Positive risk sentiment dominates

OVERNIGHT

A number of markets across the Asia Pacific are closed for the Lunar New Year holiday. However, those that are open are showing gains in equities buoyed by an overall positive market risk sentiment tone. Over the weekend, the Wall Street Journal reported that US Fed members were “preparing to slow interest rate increases for the second straight meeting”, building on similar comments that have been made by Fed officials of late. Equity futures point to positive gains on European exchanges at the open.

THE DAY AHEAD

The more positive mood that has been seen in markets since the start of the year was again evident over the past week although market moves have generally been modest. Bond market yields have continued to slip on hopes that easing inflationary pressures mean that central banks will soon call a halt to the present cycle of interest rate hikes. Federal Reserve policymakers continue to express caution about an early peak in rates. A number have suggested that the pace at which rates are raised is likely to slow further to 25 basis points at the next policy update in early February (from 50 basis points in December). But they have also said that it is too early call a halt to tightening and certainly premature to expect a cut in rates. Possibly most significantly, markets are discounting earlier and more sizeable cuts in interest rates in the US than in the UK or the Eurozone. 

With the early February monetary policy updates fast approaching Fed policymakers will go into their pre-announcement blackout from today. Bank of England officials will also go into their silent period from the second half of the week and no speeches from BoE rate-setters are scheduled ahead of then. That suggests we are not going to learn anything more about their respective policy intentions before their updates on 1st and 2nd February that will shift current market expectations of a 25bp rate hike in the US and a 50bp move in the UK.

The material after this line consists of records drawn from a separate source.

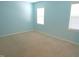 Bedroom with blue walls, neutral carpet, and two large windows at 202 Redstone Ct, Gibsonville, NC 27249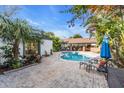 Relaxing poolside patio with lounge chairs and brick pavers at 6095 2Nd S Ave, St Petersburg, FL 33707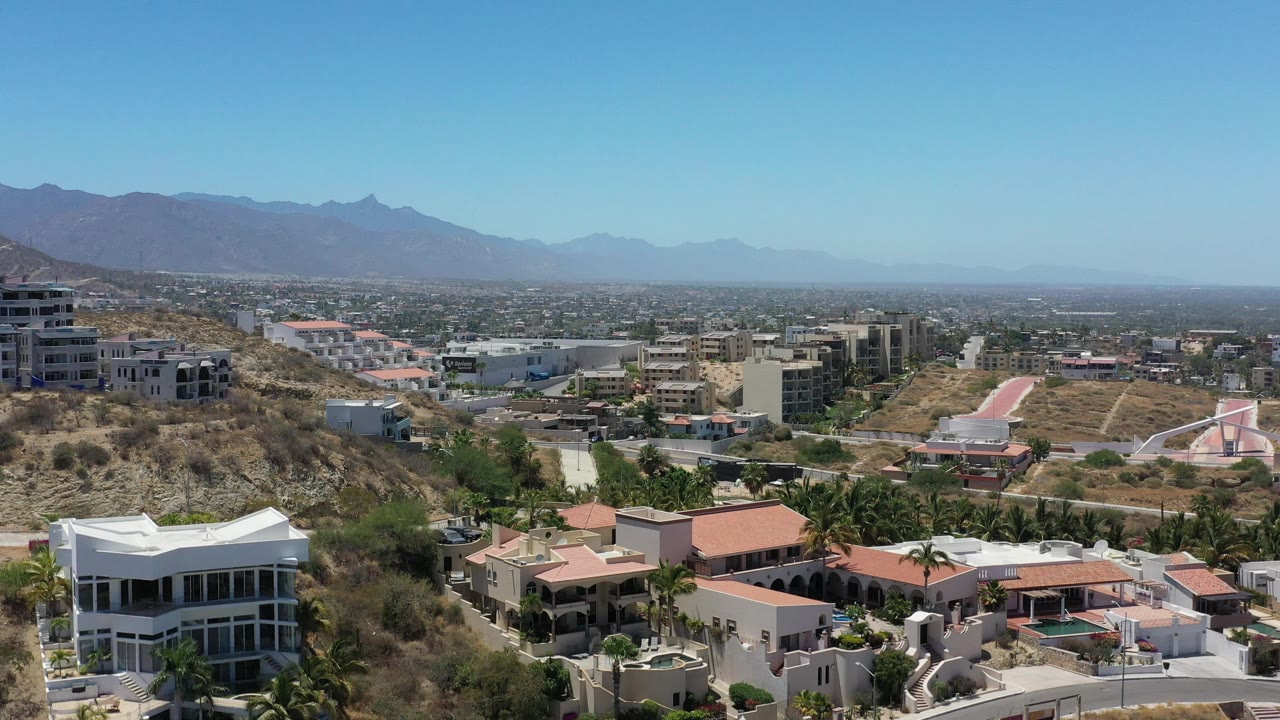 Residential rooftops and palms below a wide blue sky and mountain range.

Several speeches are expected from ECB policymakers this week including ones from Vujcic, Visco, Panetta, Holzmann and Lagarde today, but those seem unlikely to move expectations of another 50bp ECB rate rise on 2nd January. Today is short of major data releases with only the US leading index for December and the preliminary read of January Eurozone consumer confidence of note. The latter is expected to show a modest rise.

MARKETS

The positive market risk tone has continued to weigh on the US dollar, with the Bloomberg Dollar Index now down around 2% since the start of the year. GBP/USD has edged above 1.24 in early trading, while EUR/USD has moved up to around 1.09.